Spark is the flavour of the season when it comes to distributed computing frameworks, and I have been caught up in the excitement. I have narrowed down the set of Spark resources to three, which I am going to try and use over the next 3 months to try and learn Spark:
- The first is Advanced Analytics with Spark, which is hot off the presses, but has already gotten very good reviews on Amazon. Not surprising given that Sean Owen is one of the authors.
- The second, of which I have already the first few chapters, but intend to systematically re-read over the next month, is Learning Spark. I must admit, I am somewhat intrigued by how much Matei Zaharia has managed to achieve at (what I am guessing is) a relatively young age.

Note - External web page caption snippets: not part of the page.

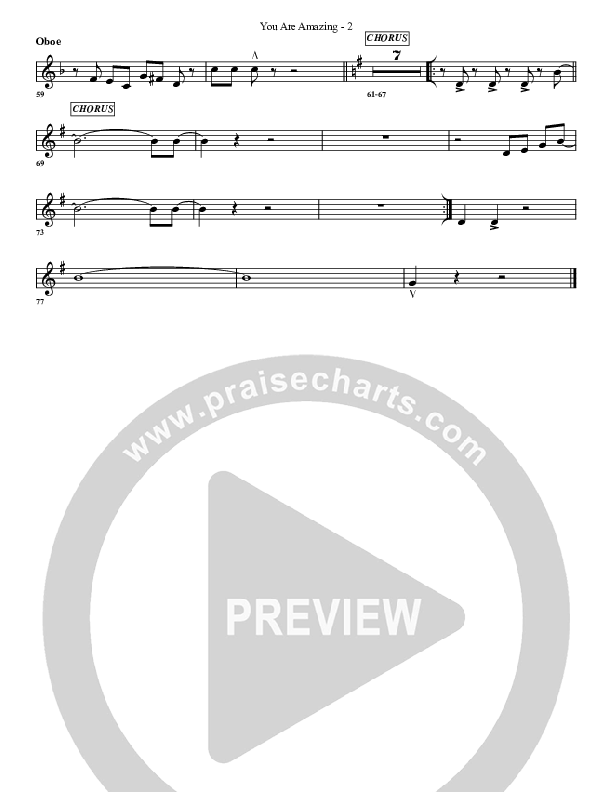 You Are Amazing Oboe (G3 Worship)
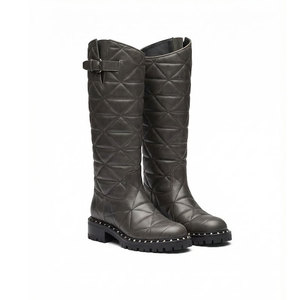 <span class=keywords><strong>Bottes</strong></span> de moto en cuir sur mesure Xinzirain, hauteur genou, style travail, talon plat épais - Product Image 1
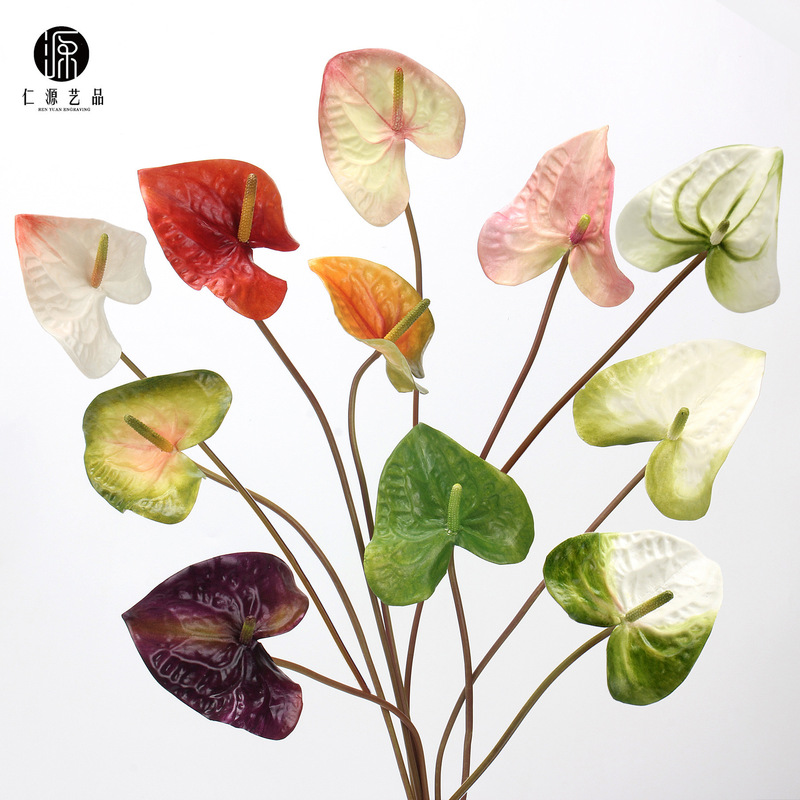 Factory direct 3D printing heart-shaped red palm simulation feel flakery Palm single fake flower green palm powder Palm Guanyinlian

- Lastly, there is a brand new edX.org course on Spark that has just started. It is a little disappointing that the course uses Python 2.7 and Spark 1.3, instead of moving to the impending release of Spark 1.4, which also supports SparkR and Python 3.4. I think that the Spark guys are holding off on releasing the latest version of Spark till the Spark summit later this month.

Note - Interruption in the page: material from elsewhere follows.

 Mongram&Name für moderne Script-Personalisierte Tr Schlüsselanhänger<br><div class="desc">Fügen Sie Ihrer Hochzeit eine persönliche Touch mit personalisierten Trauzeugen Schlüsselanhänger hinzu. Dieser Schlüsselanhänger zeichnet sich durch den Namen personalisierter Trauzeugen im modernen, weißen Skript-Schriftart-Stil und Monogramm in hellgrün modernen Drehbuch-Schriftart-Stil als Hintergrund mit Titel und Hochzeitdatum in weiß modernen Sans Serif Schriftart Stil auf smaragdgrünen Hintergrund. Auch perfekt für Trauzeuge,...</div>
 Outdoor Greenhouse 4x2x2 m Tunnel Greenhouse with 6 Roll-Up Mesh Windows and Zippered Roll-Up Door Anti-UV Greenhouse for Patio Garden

In any case, Spark is an important new technology for data analysis, and significant improvement over the disk-only storage model of Hadoop MapReduce. That is not to say that Spark is the only in-memory distributed computing framework that can do ad hoc querying, machine learning, and graph processing on big data — there is the newly promoted to top-level project Apache Flink, but Spark definitely appears to have a significant head start. I look forward to learning more about Apache Spark.